*** Source material ***

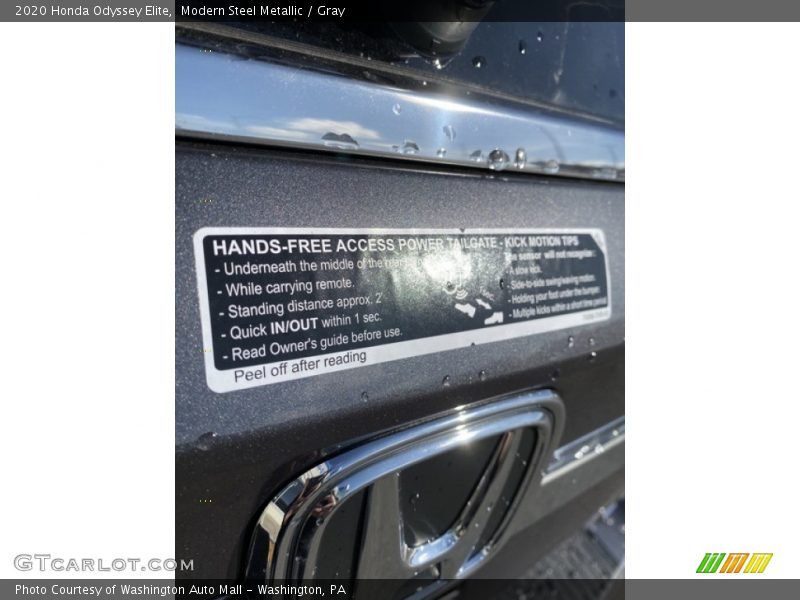 Modern Steel Metallic / Gray 2020 Honda Odyssey Elite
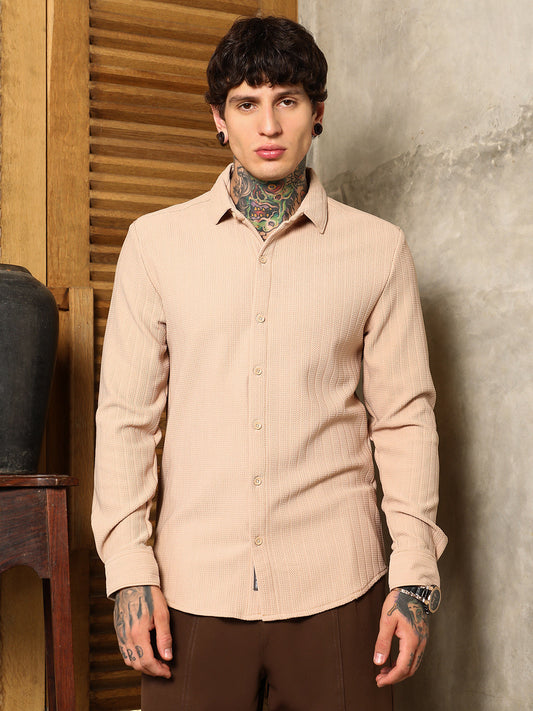 Chevron-Panel Tactile Shirt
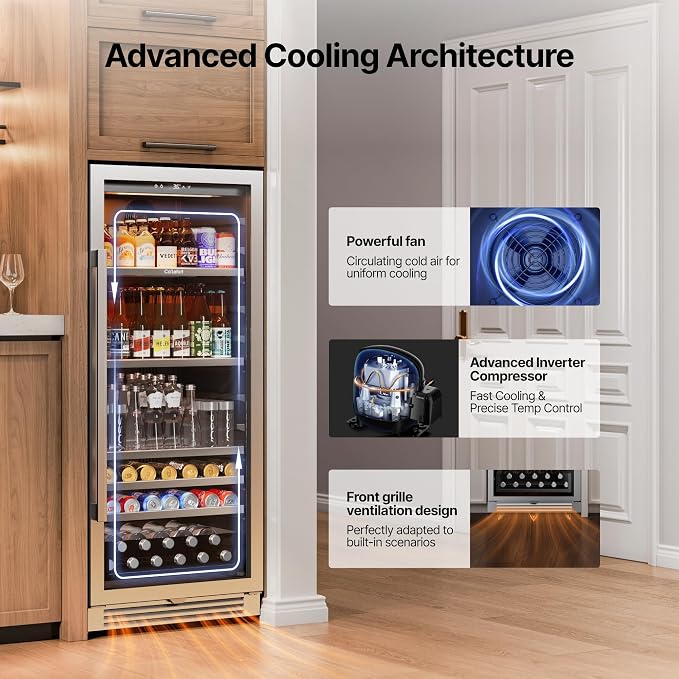Ca'Lefort 24 Inch Beverage Refrigerator, 238 Cans Tall Beverage Fridge - Image 7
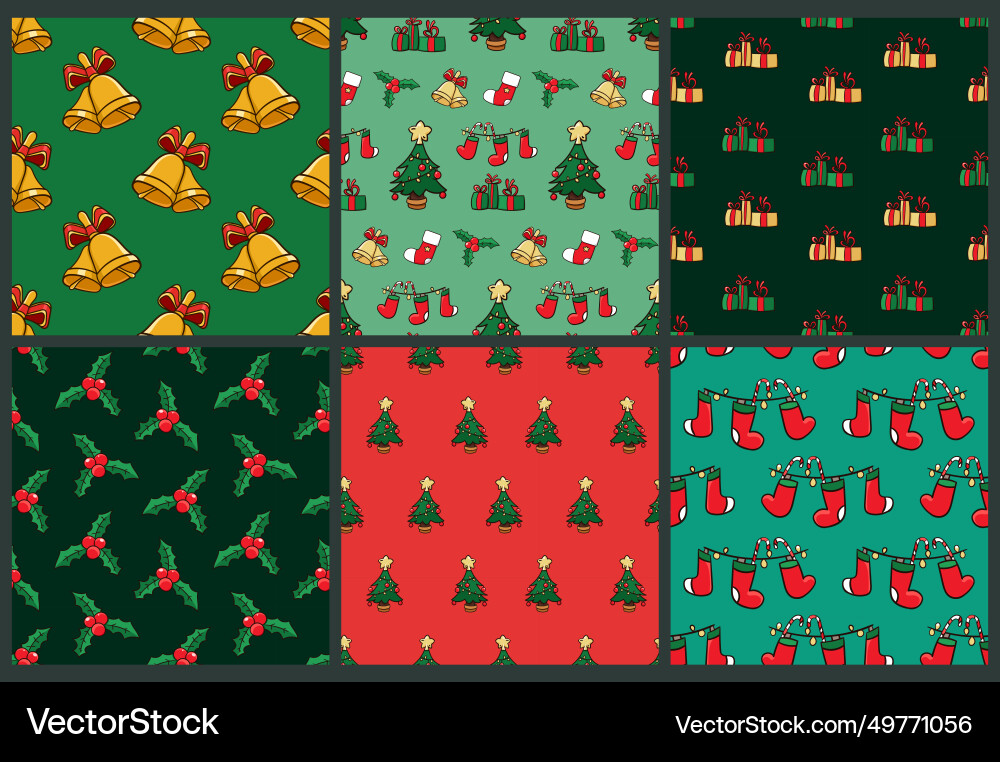 Set of patterns with christmas elements Set of patterns with christmas elements vector image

***

The problem — Return each line of the data, keeping its wording exact and omitting pictures.

Problem solution —
 Modern Steel Metallic / Gray 2020 Honda Odyssey Elite
 Chevron-Panel Tactile Shirt
Ca'Lefort 24 Inch Beverage Refrigerator, 238 Cans Tall Beverage Fridge - Image 7
 Set of patterns with christmas elements Set of patterns with christmas elements vector image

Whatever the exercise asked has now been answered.